Once "Here are the" turns up in a line below, reproduce that line and those after it exactly, stopping after the line with "This is my new"; leave pictures out.

• DATA:
+ + + +

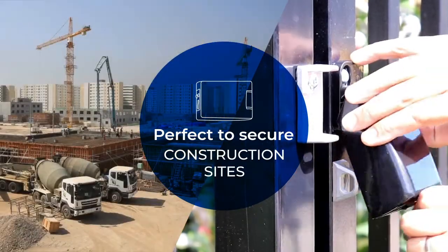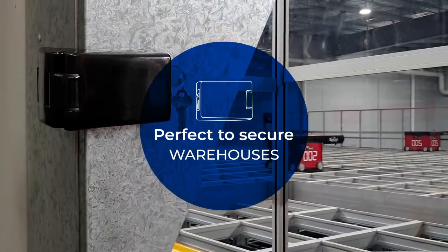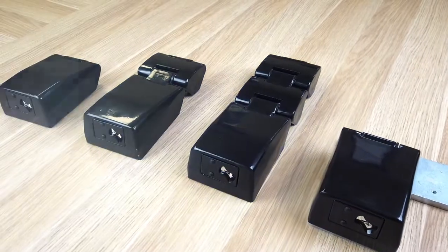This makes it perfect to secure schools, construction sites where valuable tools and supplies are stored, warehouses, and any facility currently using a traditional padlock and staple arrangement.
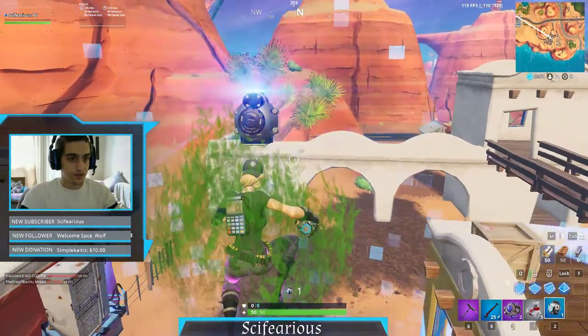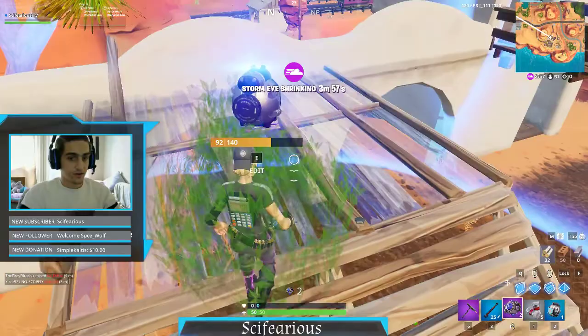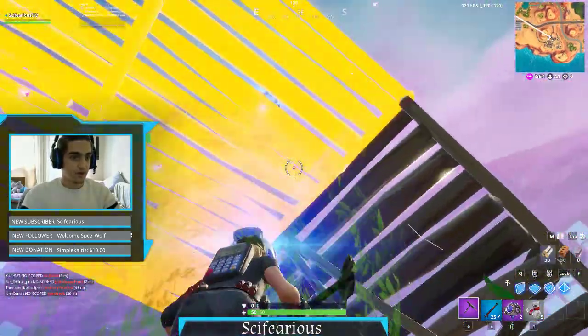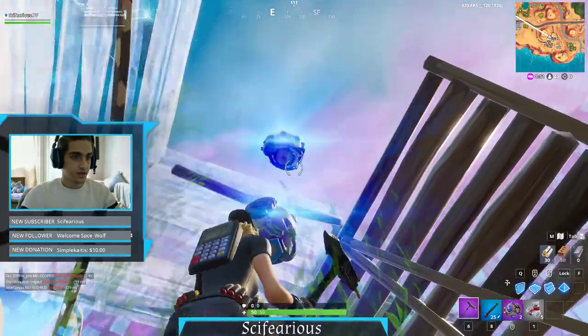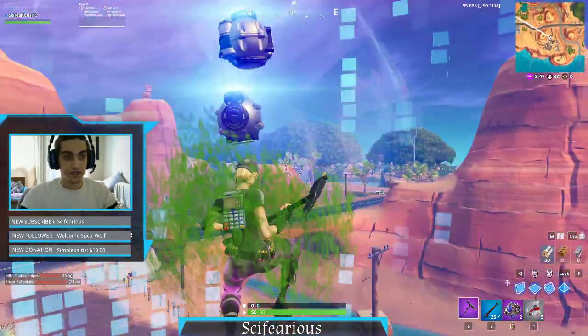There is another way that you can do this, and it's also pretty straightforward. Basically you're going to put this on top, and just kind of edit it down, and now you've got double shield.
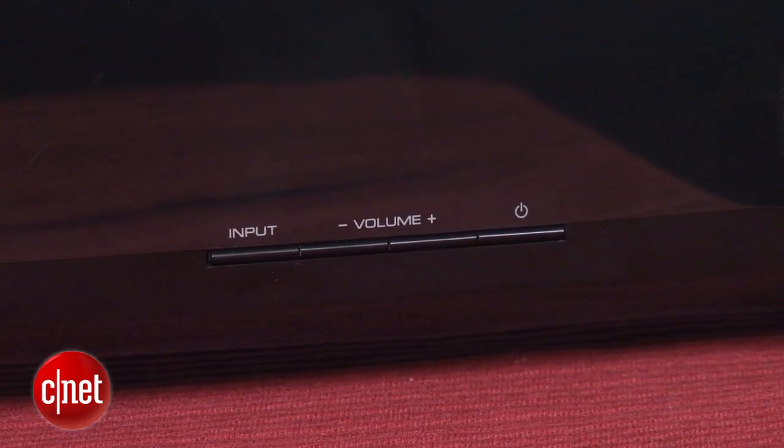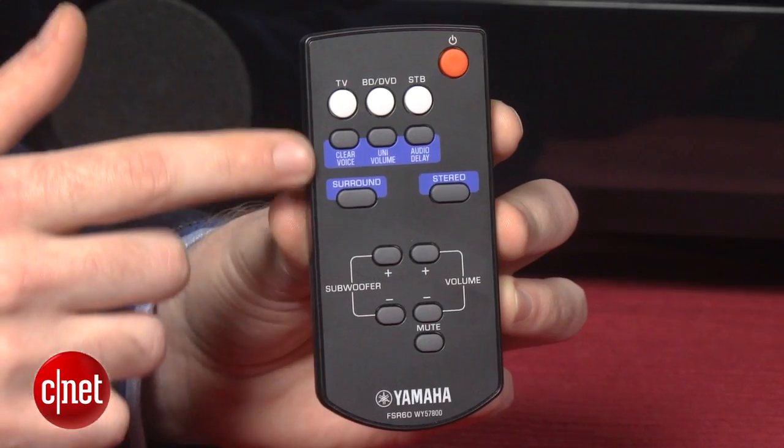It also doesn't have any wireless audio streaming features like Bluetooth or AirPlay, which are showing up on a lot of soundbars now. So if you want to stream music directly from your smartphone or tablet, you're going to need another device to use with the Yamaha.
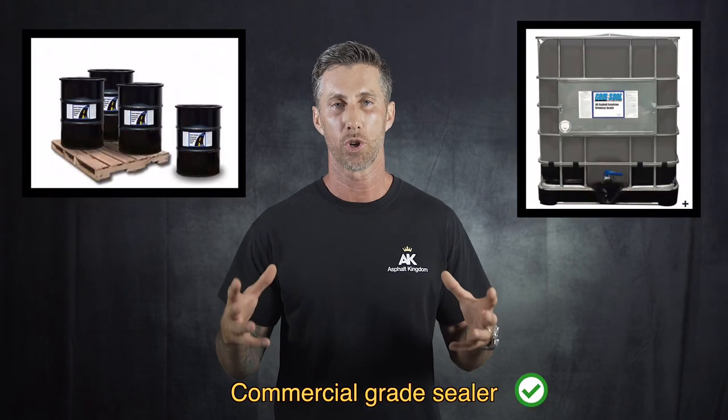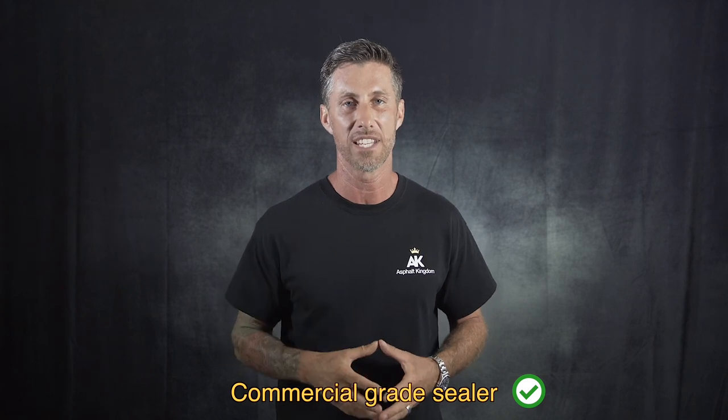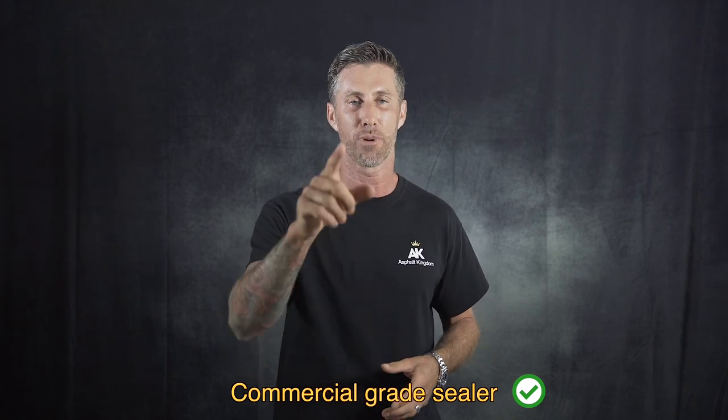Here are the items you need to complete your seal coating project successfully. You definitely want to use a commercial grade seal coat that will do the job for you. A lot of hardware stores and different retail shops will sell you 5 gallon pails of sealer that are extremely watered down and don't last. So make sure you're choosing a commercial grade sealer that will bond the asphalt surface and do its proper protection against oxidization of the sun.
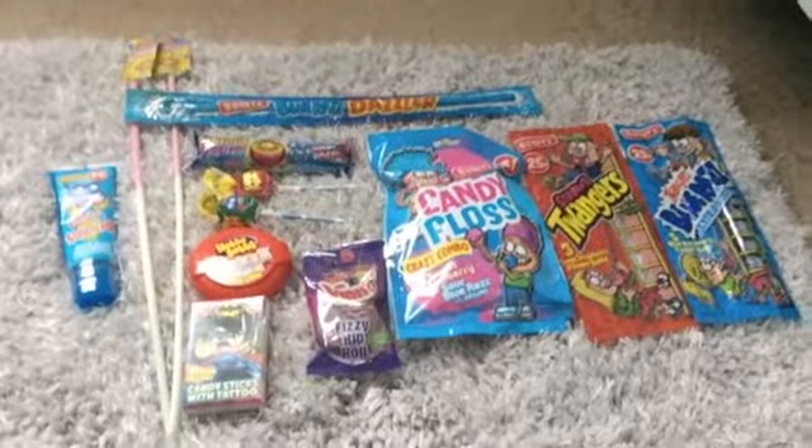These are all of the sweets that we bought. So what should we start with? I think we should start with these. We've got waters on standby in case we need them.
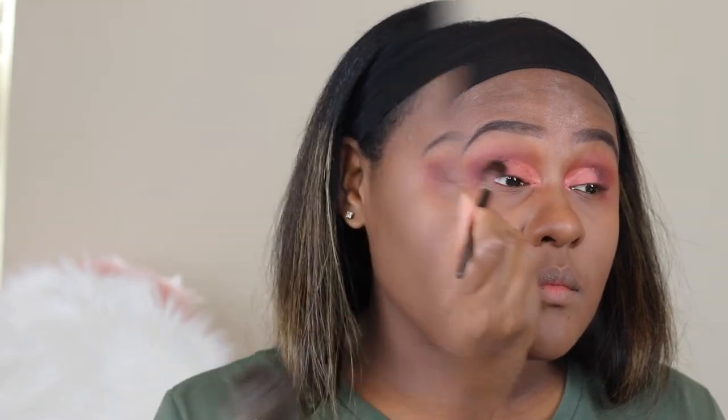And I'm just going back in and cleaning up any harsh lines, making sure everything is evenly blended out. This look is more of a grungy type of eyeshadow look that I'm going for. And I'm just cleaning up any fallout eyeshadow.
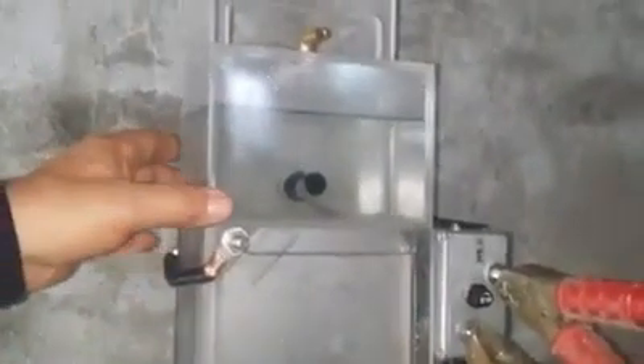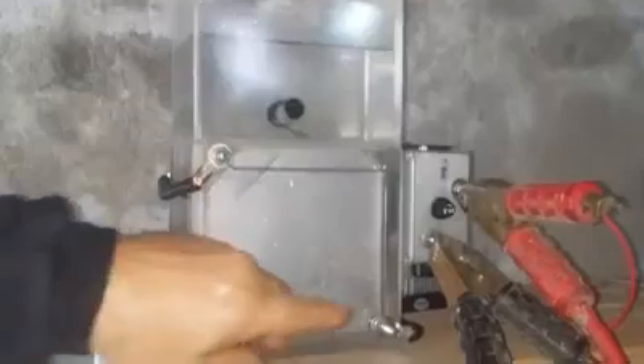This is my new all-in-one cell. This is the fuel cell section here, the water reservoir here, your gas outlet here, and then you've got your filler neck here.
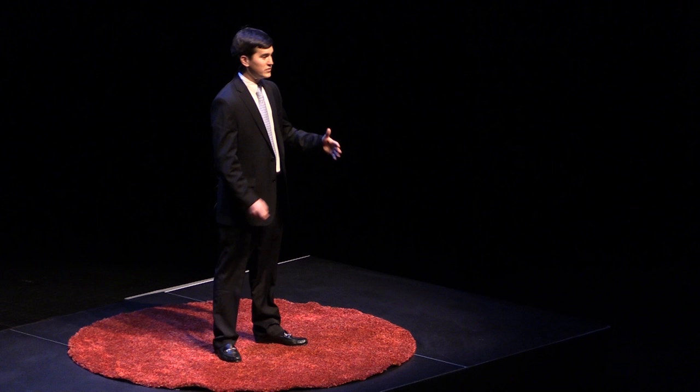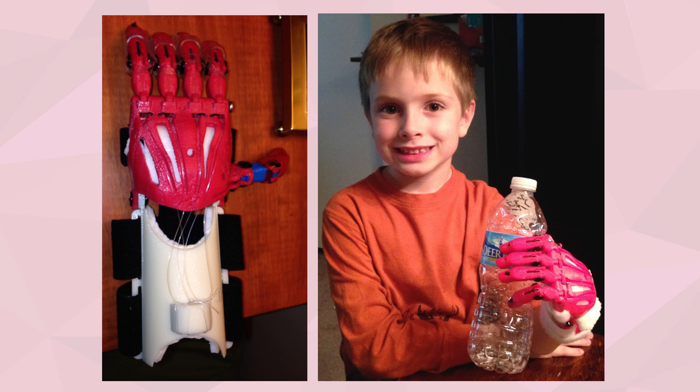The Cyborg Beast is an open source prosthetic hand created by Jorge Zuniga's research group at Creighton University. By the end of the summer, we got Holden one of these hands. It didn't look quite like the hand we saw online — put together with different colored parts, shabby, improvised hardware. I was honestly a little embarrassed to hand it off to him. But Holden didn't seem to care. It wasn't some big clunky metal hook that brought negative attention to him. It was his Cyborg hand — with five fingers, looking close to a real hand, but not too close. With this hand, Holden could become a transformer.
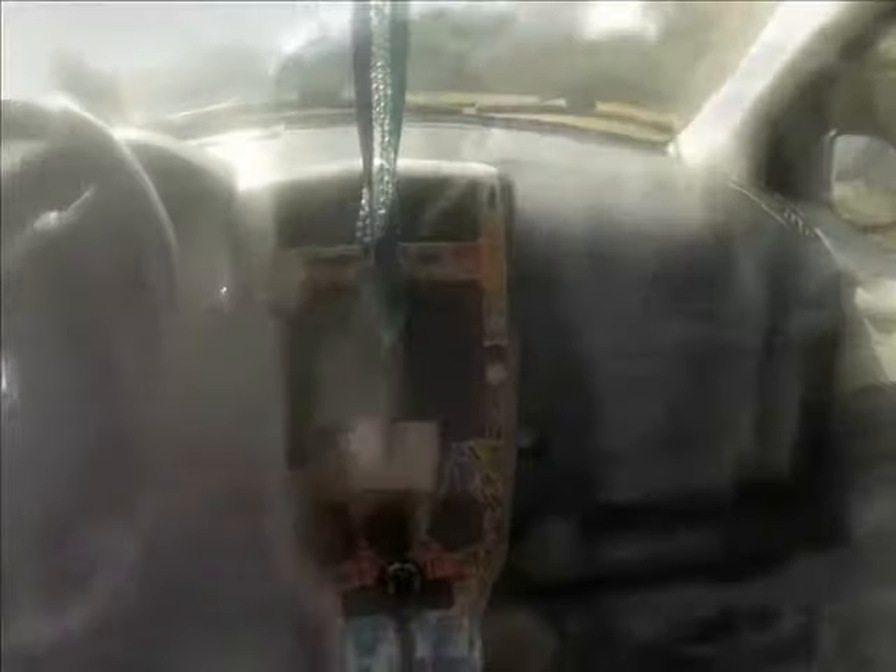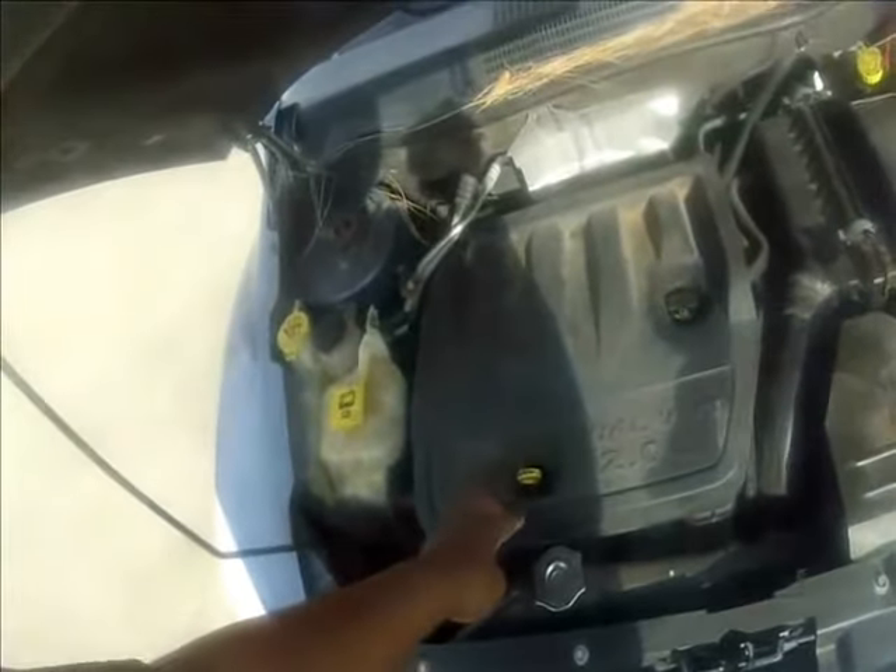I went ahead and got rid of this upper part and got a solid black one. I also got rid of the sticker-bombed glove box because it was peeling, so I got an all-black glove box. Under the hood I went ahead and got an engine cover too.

+ + + +

• THE ANSWER:
Here are the items you need to complete your seal coating project successfully. You definitely want to use a commercial grade seal coat that will do the job for you. A lot of hardware stores and different retail shops will sell you 5 gallon pails of sealer that are extremely watered down and don't last. So make sure you're choosing a commercial grade sealer that will bond the asphalt surface and do its proper protection against oxidization of the sun.
These are all of the sweets that we bought. So what should we start with? I think we should start with these. We've got waters on standby in case we need them.
And I'm just going back in and cleaning up any harsh lines, making sure everything is evenly blended out. This look is more of a grungy type of eyeshadow look that I'm going for. And I'm just cleaning up any fallout eyeshadow.
This is my new all-in-one cell. This is the fuel cell section here, the water reservoir here, your gas outlet here, and then you've got your filler neck here.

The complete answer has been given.